■ **TASK**:
Going through the entries below, count each line containing the word "Handmade". Report the number only.

-- TASK INPUT follows --

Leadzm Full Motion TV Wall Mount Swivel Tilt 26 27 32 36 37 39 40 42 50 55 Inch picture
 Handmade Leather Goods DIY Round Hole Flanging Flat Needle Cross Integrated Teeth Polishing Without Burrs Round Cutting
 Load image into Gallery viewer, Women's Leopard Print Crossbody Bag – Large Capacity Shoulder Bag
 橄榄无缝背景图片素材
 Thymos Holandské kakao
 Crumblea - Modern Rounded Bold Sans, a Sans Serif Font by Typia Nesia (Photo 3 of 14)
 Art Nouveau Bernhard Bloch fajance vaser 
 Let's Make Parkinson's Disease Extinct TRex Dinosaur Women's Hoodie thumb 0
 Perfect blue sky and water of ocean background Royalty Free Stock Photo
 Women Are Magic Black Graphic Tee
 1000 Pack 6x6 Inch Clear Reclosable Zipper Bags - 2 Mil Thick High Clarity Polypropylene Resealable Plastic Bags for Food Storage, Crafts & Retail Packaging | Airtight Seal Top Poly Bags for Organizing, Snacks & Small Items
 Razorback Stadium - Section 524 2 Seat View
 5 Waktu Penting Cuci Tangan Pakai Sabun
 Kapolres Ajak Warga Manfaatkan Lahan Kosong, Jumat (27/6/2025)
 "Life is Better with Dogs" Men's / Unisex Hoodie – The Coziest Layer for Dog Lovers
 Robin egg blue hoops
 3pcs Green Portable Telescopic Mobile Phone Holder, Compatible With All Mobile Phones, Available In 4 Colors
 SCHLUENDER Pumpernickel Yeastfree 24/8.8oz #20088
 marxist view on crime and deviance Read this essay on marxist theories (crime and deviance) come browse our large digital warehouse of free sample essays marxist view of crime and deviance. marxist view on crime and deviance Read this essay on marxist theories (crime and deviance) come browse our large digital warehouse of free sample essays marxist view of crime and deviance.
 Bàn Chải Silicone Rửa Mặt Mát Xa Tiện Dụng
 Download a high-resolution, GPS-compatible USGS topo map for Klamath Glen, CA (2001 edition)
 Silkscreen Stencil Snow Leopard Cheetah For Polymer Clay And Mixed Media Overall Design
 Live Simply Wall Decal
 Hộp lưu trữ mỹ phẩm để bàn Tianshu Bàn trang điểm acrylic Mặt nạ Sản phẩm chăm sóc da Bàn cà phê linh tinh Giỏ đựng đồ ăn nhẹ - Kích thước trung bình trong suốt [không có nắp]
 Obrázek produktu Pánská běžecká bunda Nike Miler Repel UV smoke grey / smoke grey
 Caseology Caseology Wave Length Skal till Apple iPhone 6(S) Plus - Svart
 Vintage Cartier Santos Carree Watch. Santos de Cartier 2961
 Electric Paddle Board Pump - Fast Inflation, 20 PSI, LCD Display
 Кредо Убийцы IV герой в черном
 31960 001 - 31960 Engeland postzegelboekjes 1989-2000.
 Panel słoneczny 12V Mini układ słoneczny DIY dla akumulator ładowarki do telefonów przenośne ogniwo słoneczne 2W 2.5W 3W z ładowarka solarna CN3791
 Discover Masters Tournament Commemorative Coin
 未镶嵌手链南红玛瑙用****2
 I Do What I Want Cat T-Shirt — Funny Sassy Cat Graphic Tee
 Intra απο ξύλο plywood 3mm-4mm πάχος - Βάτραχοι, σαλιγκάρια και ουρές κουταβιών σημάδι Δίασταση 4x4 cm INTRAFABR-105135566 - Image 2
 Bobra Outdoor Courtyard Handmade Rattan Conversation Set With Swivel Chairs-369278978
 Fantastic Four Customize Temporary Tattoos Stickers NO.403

-- TASK INPUT concluded --

■ **RESULT OF THE EXERCISE**:
2